Extracted records
※

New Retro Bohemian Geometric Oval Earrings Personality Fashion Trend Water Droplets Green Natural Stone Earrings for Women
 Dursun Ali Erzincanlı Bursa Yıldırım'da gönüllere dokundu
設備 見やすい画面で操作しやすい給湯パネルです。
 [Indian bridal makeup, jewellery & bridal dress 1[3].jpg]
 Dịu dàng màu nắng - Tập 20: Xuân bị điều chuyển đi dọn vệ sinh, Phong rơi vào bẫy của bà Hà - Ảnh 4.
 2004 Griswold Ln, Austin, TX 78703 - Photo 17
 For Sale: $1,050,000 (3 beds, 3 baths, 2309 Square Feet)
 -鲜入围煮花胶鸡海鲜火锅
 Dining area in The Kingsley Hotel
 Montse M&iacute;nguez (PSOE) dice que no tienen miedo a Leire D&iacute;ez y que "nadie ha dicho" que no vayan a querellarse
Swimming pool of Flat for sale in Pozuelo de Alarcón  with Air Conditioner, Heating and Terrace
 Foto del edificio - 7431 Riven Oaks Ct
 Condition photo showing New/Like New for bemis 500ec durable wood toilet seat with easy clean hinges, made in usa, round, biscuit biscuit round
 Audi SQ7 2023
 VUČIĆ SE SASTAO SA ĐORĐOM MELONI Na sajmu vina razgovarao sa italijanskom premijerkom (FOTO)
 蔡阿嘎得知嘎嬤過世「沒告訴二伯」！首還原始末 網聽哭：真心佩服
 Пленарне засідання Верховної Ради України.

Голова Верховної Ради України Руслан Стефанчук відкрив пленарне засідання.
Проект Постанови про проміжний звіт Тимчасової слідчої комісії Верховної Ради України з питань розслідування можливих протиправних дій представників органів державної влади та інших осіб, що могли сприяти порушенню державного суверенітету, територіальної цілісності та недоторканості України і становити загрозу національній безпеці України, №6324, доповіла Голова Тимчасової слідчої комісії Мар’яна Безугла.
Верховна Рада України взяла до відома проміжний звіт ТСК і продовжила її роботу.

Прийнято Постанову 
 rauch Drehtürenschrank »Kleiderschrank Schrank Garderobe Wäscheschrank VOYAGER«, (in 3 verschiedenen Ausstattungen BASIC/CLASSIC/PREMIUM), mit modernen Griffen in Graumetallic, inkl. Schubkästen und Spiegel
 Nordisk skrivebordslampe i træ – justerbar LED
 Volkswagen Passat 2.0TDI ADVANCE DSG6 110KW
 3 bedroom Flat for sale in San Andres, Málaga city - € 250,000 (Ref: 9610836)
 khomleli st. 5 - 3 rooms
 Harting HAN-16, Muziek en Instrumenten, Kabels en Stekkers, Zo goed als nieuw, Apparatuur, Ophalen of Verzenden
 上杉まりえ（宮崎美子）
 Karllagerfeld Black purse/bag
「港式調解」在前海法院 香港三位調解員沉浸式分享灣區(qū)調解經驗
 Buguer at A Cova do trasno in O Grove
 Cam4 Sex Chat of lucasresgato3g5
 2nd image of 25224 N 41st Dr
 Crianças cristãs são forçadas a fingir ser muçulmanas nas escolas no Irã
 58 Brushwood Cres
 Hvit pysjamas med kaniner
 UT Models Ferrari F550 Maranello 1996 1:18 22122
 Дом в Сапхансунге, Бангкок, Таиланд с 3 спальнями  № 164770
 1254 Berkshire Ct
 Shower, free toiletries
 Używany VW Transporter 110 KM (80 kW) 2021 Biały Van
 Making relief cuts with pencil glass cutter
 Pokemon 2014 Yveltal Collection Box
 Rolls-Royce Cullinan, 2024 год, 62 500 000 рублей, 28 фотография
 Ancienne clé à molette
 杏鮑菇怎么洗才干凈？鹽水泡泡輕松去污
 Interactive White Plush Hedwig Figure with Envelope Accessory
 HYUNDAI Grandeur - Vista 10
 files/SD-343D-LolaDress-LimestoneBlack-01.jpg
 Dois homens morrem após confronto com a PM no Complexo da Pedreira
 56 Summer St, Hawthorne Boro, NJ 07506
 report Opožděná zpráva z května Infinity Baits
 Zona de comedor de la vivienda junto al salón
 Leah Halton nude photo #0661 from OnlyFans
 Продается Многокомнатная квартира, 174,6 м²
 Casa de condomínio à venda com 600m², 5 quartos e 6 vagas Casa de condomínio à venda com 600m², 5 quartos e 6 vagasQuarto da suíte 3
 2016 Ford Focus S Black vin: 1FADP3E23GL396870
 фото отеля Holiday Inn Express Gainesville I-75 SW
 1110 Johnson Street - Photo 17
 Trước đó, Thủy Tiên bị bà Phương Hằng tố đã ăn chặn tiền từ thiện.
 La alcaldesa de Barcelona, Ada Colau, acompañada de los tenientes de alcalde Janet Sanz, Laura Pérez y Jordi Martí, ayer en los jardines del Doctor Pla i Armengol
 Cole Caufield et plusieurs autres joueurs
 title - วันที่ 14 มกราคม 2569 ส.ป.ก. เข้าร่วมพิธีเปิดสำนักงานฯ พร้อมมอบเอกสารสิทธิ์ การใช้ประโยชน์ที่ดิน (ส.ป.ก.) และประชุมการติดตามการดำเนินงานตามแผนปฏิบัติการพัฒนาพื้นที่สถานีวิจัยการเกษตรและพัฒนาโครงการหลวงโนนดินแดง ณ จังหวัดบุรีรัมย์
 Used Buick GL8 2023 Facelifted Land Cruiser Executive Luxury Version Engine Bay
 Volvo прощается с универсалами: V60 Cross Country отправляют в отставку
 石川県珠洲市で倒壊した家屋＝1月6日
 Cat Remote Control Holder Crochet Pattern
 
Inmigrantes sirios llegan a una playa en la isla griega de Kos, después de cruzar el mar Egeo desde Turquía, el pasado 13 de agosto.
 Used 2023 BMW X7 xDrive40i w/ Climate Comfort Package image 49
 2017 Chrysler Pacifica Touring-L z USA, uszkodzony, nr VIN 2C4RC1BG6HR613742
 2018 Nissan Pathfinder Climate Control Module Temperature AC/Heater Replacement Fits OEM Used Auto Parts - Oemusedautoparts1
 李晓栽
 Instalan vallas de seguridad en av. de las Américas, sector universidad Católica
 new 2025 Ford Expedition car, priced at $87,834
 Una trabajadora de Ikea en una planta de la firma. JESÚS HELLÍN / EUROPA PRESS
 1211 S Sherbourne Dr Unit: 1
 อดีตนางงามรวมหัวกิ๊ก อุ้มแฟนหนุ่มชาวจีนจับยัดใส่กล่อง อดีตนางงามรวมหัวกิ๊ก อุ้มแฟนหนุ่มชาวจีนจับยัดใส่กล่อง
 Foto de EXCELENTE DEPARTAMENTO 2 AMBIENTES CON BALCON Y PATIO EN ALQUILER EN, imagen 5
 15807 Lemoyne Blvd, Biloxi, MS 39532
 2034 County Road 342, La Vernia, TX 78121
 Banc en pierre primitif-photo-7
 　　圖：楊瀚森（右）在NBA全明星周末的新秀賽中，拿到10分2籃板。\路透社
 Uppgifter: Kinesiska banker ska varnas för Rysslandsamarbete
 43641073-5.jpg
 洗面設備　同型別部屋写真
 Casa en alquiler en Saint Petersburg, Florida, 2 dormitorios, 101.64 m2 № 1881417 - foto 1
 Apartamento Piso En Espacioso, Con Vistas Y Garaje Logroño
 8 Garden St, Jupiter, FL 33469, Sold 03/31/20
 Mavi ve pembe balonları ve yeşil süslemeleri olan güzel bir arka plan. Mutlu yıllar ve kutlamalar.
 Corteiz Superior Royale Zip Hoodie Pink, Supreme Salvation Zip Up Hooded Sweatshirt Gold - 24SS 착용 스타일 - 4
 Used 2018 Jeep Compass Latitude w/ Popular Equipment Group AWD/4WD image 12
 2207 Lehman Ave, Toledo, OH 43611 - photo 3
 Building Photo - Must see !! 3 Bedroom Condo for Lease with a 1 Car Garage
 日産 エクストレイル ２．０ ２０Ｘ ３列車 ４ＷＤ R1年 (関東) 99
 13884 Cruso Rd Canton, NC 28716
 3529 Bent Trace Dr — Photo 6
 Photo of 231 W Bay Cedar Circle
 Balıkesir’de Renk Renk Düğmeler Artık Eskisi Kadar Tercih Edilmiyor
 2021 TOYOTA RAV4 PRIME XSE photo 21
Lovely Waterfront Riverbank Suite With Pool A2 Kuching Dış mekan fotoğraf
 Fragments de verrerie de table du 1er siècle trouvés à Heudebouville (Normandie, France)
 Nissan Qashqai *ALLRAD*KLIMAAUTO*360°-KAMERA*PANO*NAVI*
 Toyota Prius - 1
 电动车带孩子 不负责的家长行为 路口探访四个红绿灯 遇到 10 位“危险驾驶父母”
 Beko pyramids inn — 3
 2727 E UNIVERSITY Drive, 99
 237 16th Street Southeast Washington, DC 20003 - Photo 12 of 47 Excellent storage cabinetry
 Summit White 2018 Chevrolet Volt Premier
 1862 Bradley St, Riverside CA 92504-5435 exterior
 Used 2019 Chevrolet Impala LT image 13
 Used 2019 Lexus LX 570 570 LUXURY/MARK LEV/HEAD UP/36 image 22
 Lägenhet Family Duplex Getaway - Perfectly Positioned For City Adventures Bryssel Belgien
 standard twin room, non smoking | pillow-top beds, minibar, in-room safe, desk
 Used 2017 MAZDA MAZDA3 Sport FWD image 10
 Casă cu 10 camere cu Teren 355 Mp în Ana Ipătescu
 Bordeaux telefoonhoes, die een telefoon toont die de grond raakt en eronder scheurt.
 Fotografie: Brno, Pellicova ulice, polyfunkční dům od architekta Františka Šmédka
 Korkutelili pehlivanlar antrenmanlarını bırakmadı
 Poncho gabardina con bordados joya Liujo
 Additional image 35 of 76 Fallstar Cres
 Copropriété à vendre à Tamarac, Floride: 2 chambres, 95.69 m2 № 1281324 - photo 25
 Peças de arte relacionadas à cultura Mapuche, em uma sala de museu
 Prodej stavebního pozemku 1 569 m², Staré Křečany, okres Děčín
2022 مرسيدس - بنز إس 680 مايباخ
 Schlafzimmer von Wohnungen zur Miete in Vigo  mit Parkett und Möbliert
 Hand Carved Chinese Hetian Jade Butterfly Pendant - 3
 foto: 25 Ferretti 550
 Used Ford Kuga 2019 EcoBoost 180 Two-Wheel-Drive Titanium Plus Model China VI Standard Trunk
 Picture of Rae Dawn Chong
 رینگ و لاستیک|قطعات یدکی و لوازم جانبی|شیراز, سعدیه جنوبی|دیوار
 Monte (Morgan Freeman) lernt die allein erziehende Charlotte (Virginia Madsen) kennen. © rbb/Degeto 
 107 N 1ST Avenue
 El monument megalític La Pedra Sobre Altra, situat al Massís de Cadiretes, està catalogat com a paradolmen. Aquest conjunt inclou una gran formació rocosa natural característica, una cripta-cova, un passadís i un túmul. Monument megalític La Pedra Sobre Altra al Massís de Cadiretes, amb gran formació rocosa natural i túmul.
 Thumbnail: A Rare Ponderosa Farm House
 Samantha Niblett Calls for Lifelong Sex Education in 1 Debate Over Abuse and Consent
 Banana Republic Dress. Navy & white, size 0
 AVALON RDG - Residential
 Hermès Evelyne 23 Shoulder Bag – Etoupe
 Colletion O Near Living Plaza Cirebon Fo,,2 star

※

HOW TO COMPLETE THIS TASK
Among the entries, copy every line containing the word "beds".

EXERCISE SOLUTION
 For Sale: $1,050,000 (3 beds, 3 baths, 2309 Square Feet)
 standard twin room, non smoking | pillow-top beds, minibar, in-room safe, desk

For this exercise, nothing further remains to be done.